From the titled ‘Moulage de Rio’ we can infere that the dog is the model that was a trusted companion of the woman who attends the scene. In her attitude of resignation seems to wait to see his beloved pet revive in sculptural appearance. I think this is a cast from life, looking at the position of the animal which is portrayed, the measures and the absence of a base or subbase. The blue drapery used as a soft surface to protect the delicate forms confirms this.

In the beautiful painting ‘An Atelier de moulage’ 1884 (97×130 cm) we can breathe the atmosphere of the quiet daily job in a real casting and molding workshop.

The painting ‘Moulage de Rio’ of the same year shows a corner of the same studio recognizable by the window. By the side of the cast iron stove there is the same plaster wood box as in the previous painting. Some plaster bas-reliefs hung from the wall. Rather unusual is the presence of the palm on the right but it goes back to the idea of the glass house. Behind the plant you can see a shelf with numerous plaster casts prepared and best among them  there is also the cast of a left leg that by the proportions would seem of a woman and certainly it is one of the life cast of the two paintings ‘Moulage sur Nature’ of the previous years.

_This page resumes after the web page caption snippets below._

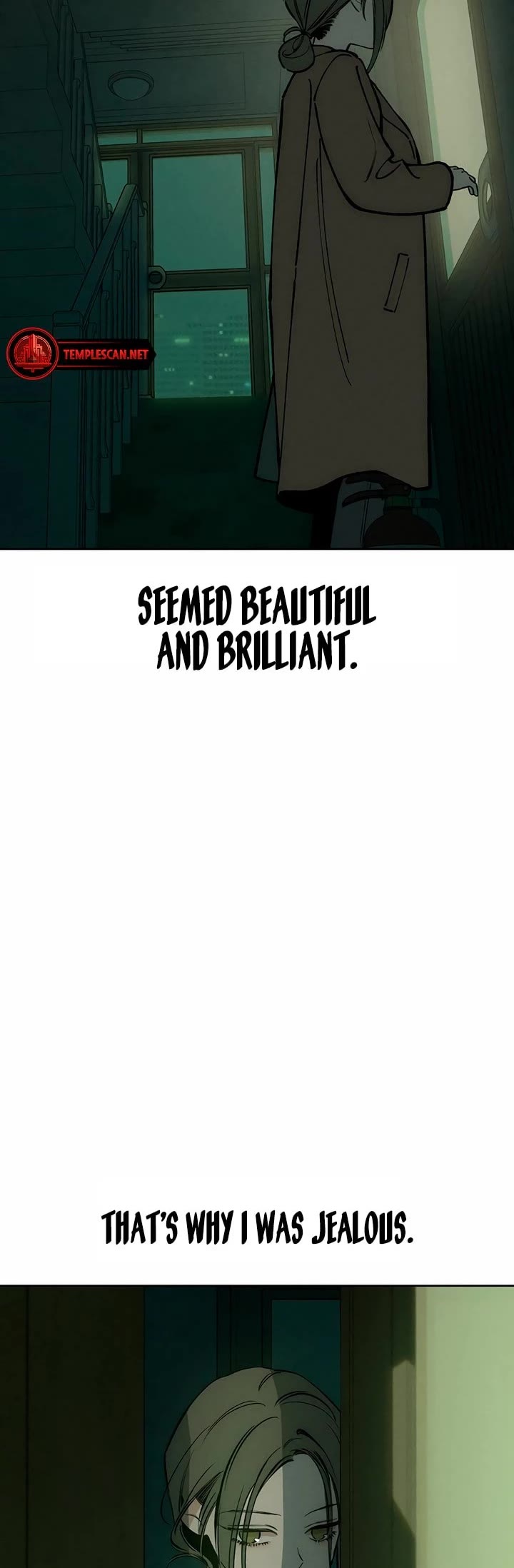 Tears on a Withered Flower chapter 1 page 24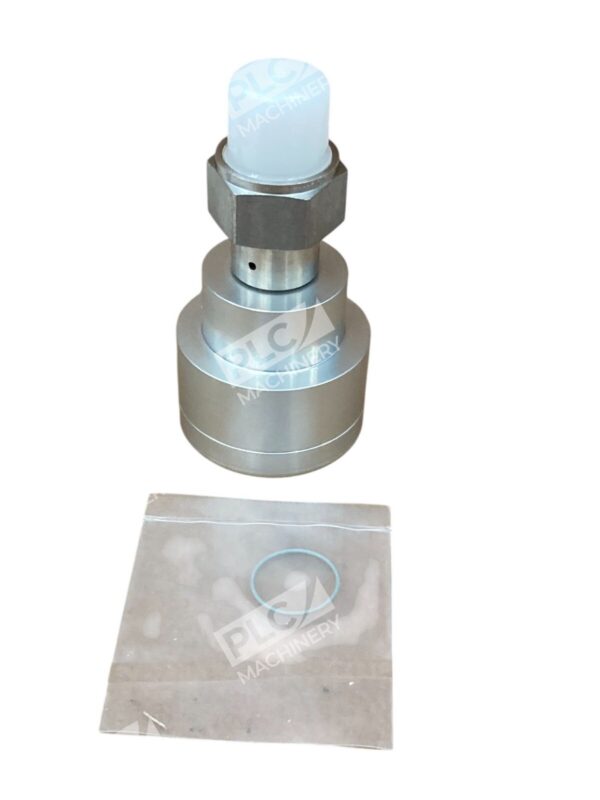Reliant CEM Services Bellows Isolate Valve Replacement 93S1500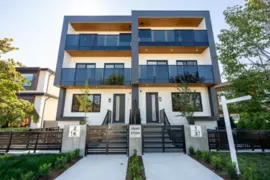 2 3940 Eton Street, Burnaby, BC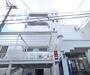 二条駅より徒歩9分 5階 築39年10ヶ月の賃貸物件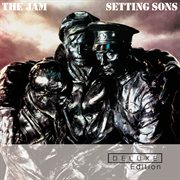 Setting sons (deluxe) cover image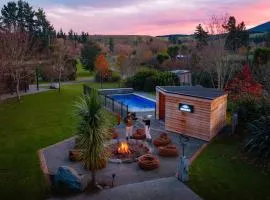 Manawa Retreat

The two masters have spent their years in the workshop, everyone in his place seems to carry on his work with immense experience and confidence. Learned gestures, spontaneous poses, all responding to a code understandable and clear only to those who have learned and assimilated it to perfection over the years. The plaster casts arranged on the right have no heads and are missing partsbecause they are obtained from the moulds divided in pieces for technical reasons. The man on the right is concentrated into retouching a reduction of Moses by Michelangelo with a launches spatula on the lines (seam) produced by the pieces of the mold. The sculpture was placed on a soft surface for protection as it is customary to do. The man on the left, quietly and attentively is working on retouching the plaster model of a dog.

The working bench, consisting of a table on the wooden trestles, is typical in a small workshop where when necessary to make a large size mold can be removed easily to obtain all the available space. On it you see a glazed ceramic bowl with a spatula resting inside. On the other hand, a plaster mold (called piece mould) of a bust with the bust inside. The yellowing is due to the so called durcissement du plâtre: it is the hardening and waterproofing process of the plaster made with of linseed oil heated. In this way, a better separation of the model was guaranteed, as well as long life and easy cleaning of the mold. The pot could be used to dissolve the glue that was used to make a jelly mold. The other tools are randomly distributed, the spatula in the center is a typical molder tool called Spatolone. I always heard from my Masters that a good moulder should be able to complete an entire mold with the masterly use of this unique tool.

It’s very useful for me to explore the fascinating details of these pictures of job daily life and a technique that has never known an end, regardless of the use of new materials, I’m going to keep this technique faithfully. I think it’s very interesting to see through some recent pictures of the workshop, where I was born and I learned, how many similarities there are between the both scenes of the work today and yesterday.